See the 10 best (and 10 worst) cities for book lovers below, followed by key stats from our report.
Best Cities for Book Lovers
New York, NY
San Francisco, CA
Los Angeles, CA
St. Paul, MN
St. Louis, MO
Worst Cities for Book Lovers
West Valley City, UT
Port St. Lucie, FL
North Las Vegas, NV
Bookworm empire: The City That Never Sleeps must stay up all night reading. With a 21-point lead ahead of the next city, New York turns the page as this year’s Best City for Book Lovers. NYC offers the most public libraries and antique and rare bookstores, giving residents access to all kinds of reading material. The Big Apple also boasts the most book clubs, book festivals, and literary landmarks.
Storied San Francisco: Home to the Beat Generation and the counterculture movement, San Francisco (No. 2) has long been a hub for intellectuals and creative types. The Golden City is full of reading nooks, with the most bookstores and independent bookstores per square mile. San Francisco also hosts the highest number of silent book clubs.
Studious Seattle: As one of only two UNESCO Cities of Literature in the U.S., Seattle (No. 3) is another haven for both writers and book lovers. Voracious readers in Seattle have access to the highest number of used bookstores and the third-highest number of independent bookstores, both per square mile. The Emerald City also hosted this year’s largest national book fair and gathering for the literati and has the second-highest number of silent book clubs.
Neighborhood novels:Little Free Libraries are popular in suburban areas like Rockford, Illinois (No. 75), which has the most Little Free Libraries per 100,000 residents, followed by California cities Orange (No. 41), Fullerton (No. 71), and Pomona (No. 66). The nonprofit’s headquarters is located in St. Paul, Minnesota (No. 8), which is No. 54 in Little Free Libraries per capita.
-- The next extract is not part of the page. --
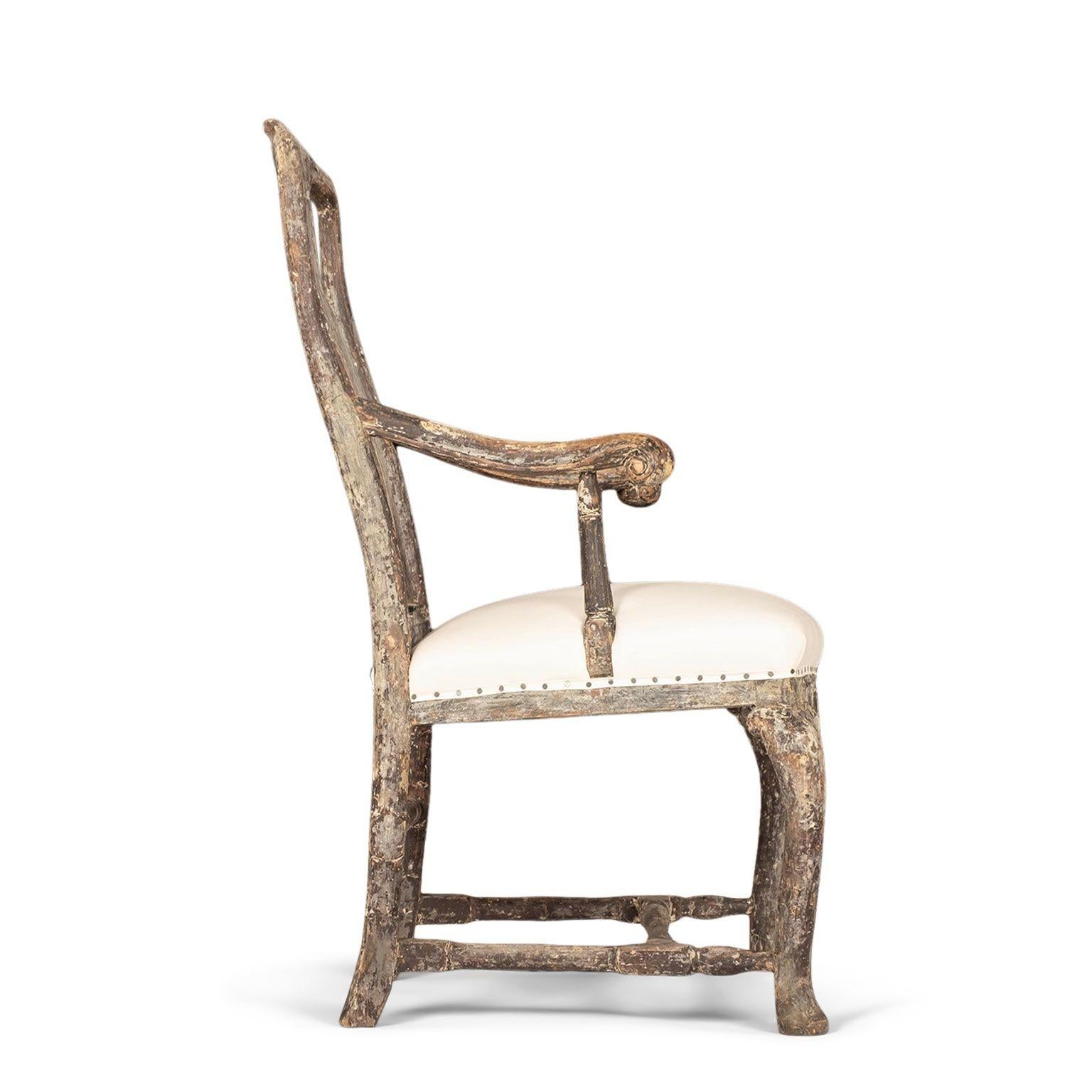 Fauteuil suédois peint rococo Bon état - En vente à Houston, TX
Capital chapters: Major cities in the Mid-Atlantic offer plenty of options for bibliophiles. Washington (No. 4) stacks up the second-highest number of independent bookstores and third-highest total number of bookstores, both per square mile. Washington also hosts the second-highest number of literary festivals. Baltimore (No. 9), has the eighth-highest number of public libraries, while Alexandria, Virginia (No. 18), has the most books “in the wild” per 100,000 residents.
Lit adventures: After New York, New Orleans (No. 26) has the second-highest number of literary landmarks, followed by Philadelphia (No. 13), Washington (No. 4), and Chicago (No. 6). New Orleans is home to historic sites like Hotel Monteleone, where famous authors like Tennessee Williams, Ernest Hemingway, and Anne Rice were known to drink, write, and slumber.